「教えて茶道」Vol,178

稽古中は無駄なおしゃべりは禁物です。自分の稽古が終り、他人の稽古を
見ている時など、つい気がゆるみがちです。1週間振りにあったとか、
どこどこで珍しい物を見たとかと、話したいものです。
しかし他人を見ることが自分にとっての稽古になるものです。
そうすることによって、自分の間違いやわかっていなことなどがはっきり
するようになるからです。疑問点があると、先生に質問したりしますから
しっかりと覚えられます。
あるいはまた、他人の稽古から見習うべきところ、見習うべきでないとこ
ろがわかります。

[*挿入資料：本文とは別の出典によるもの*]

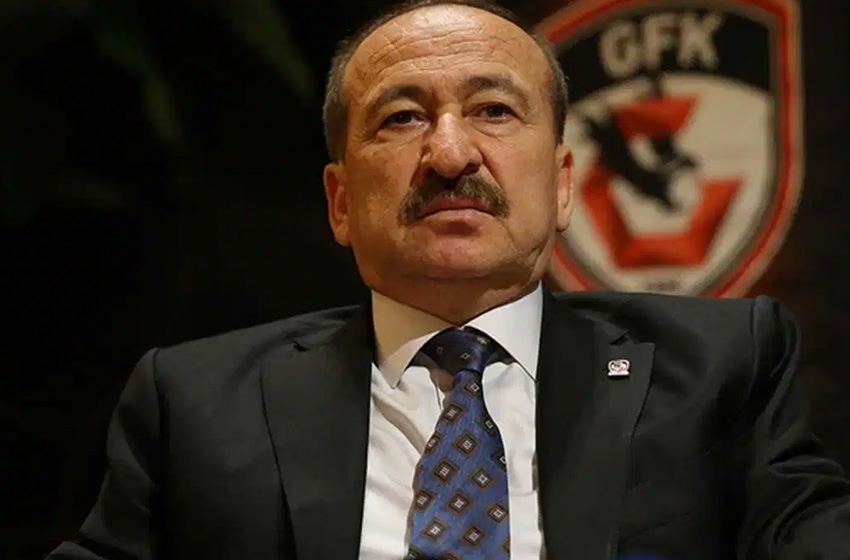 'Türk futbolunda tiyatro oynanıyor'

お茶は見せるものですから、きれいな動作は真似をする
ように、見苦しい所作はしないように、先生の注意をよく聞いておき、そ
れを自分の稽古に役立たせるようにすることも大切です。
つまり予習として、あるいは復習として他人の稽古をよく見ておくことです。
楽しい雰囲気はいいものですが、度が過ぎてほかの人に迷惑になるような
騒がしい行動は慎みましょう。


「礼の仕方」
礼は正面を向き、下腹に力を入れ、背筋を伸ばし上半身全体で行うのが基
本で、真(しん)、行(ぎょう)、草(そう)があります。
真は最も丁重な気持ちを表すもので、手の平をひざ前の畳につけ、足のつ
けねにおなかがつくように深く礼をします。
掛物の拝見や主客の応対などにいたします。
行は、指の第二関節から先だけが自然と畳につく程度の礼で、主客の軽い
応対や客同士の挨拶にいたします。お菓子や茶をいただく時には、顔だけ
を隣の方に向けて「お先に」と礼をします。
草は点前中の亭主の挨拶だけに使う最も軽い礼で、指先をひざ前の畳につ
け、軽く上体を下げます。
決して首だけで、お辞儀をしないように、体全体でしましょう。


<掛物 かけもの>

袋表具 ふくろひょうぐ 表具の一形式。上下を柱でつないだ見切表具の
         中廻しを省略したもの。さらに風帯を省略したものは
         丸表具と称する。なお見切表具を袋表具と称すること
         もある。また本袋表具とは、上下を柱でつなぎ、風帯
         を略し、細金をもって中廻しの代わりとしたものである。
         
曼荼羅 まんだら 梵語mandalaの音写で、曼陀羅とも書き、本来は仏教の
         本質、すなわち仏の悟りの境地を意味するが、中国・
         日本ではもっぱらそれを図案化した形像(ぎょうぞう)
         曼荼羅をいう。表現法により四種、それぞれが内容に
         より三種に分けられる。金剛界・胎蔵界の両界曼荼羅
         は真言密教の根本的な曼荼羅であり、胎蔵界が因、金
         剛界が果を表し、大日如来を中心に諸仏・諸菩薩のす
         べてが図示されている。

和漢朗詠 わかんろうえい 藤原公任撰1013年成立、白楽天・菅原時
         文などの漢和の詩文から佳句をあげ、それぞれに柿本
         人麿以下の名歌を配置し、約二百首組に及ぶ。朗詠の
         用に供するためで、春・夏・秋・冬・雑に分類。詩歌
         によって和漢兼帯の王朝貴族の教養を象徴したもので
         あり、王朝貴族文化の遺産として、特に東山時代や寛
         永時代などの古典主義思潮の勃興期に愛好された。一
         面、本書は漢字と和字とを示すから書道教科書として
         愛用されたため、写本・模本や注釈書が多く世に出た。
         伝藤原行成筆をはじめ、尊円親王・松花堂昭乗・本阿
         弥光悦・近衛家熙の写本などが有名。和漢朗詠集切は
         古筆切の圧巻であり、宸筆も存する。この和漢朗詠集
         の和漢兼帯の具象化として茶湯が成立する。和漢朗詠
         集切が茶掛として珍重されるゆえんである。